Cette dernière, selon les investigations des services de sécurité en charge de l’affaire, n’était qu’un subterfuge. Car les quatre criminels avaient d’ores et déjà décidé de tuer leur proie. Prise au piège diabolique de ses agresseurs, la victime avait été tabassée grièvement avant d’être achevée à coups de pierre sur la tête. Les criminels quittèrent le lieu du crime à bord de la Citroën de la victime, laissant derrière eux un corps sans vie.
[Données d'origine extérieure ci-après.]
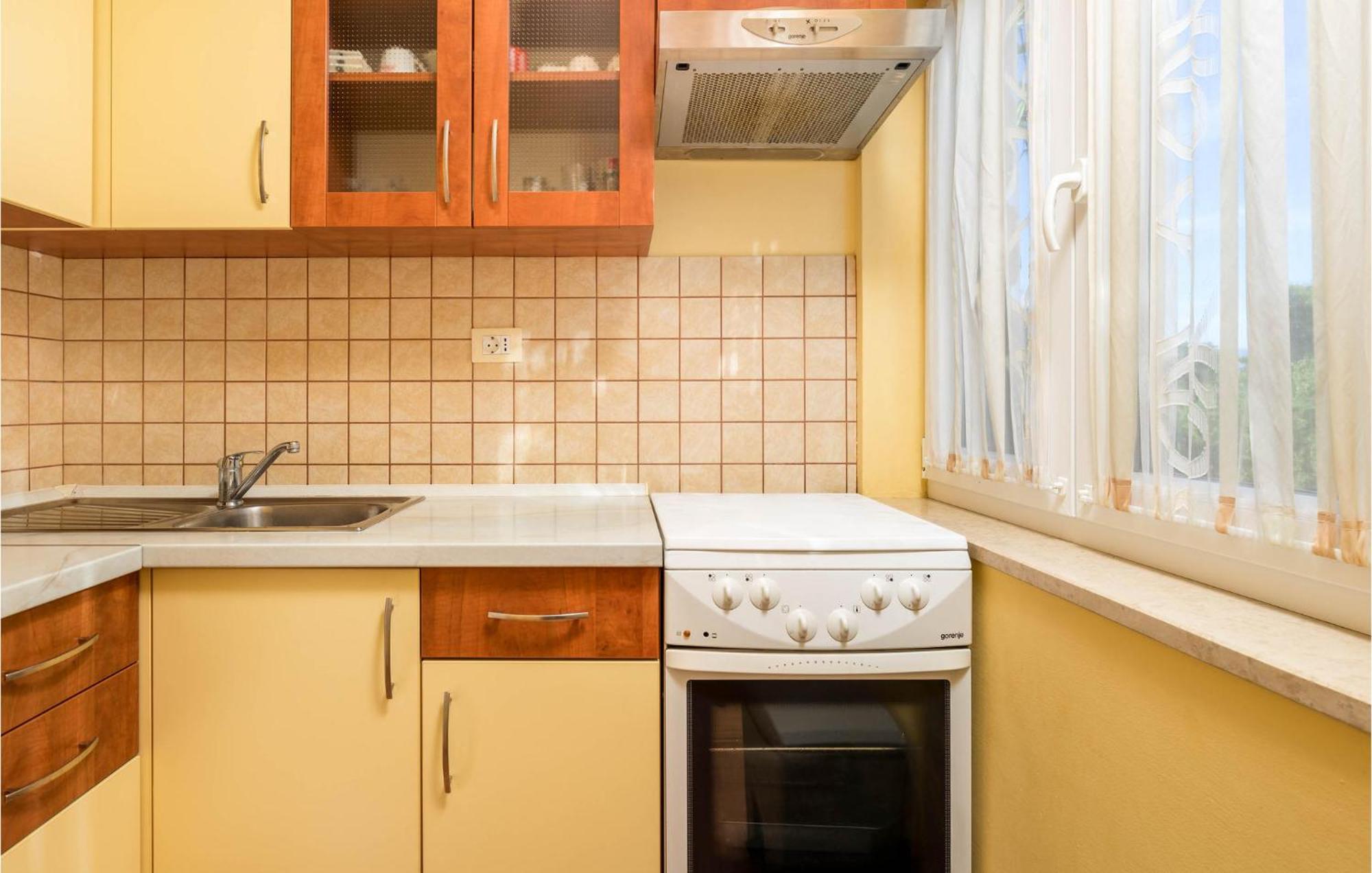 Stunning Apartment In Lovran With Kitchen エクステリア 写真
Découvert quelques jours plus tard, par des éléments de l’Armée nationale populaire, relevant de la caserne de Bouzizi, le cadavre était dans état de décomposition très avancée.
Aussitôt alertés, les éléments de la brigade de la Gendarmerie nationale de Séraïdi, accompagnés de la Protection civile, sont parvenus à identifier la victime, qui faisait l’objet d’un avis de disparition.
Acheminé vers la morgue du CHU d’Ibn Rochd de Annaba, le cadavre fut soumis à une autopsie, déterminant les raisons du décès «crâne fracassé totalement», comme rapporté par le rapport du médecin légiste. Un point autour duquel, trois des criminels ont porté l’achèvement de la victime, à l’actif du militaire, en lui portant plusieurs coups, réduisant son crâne en bouillie.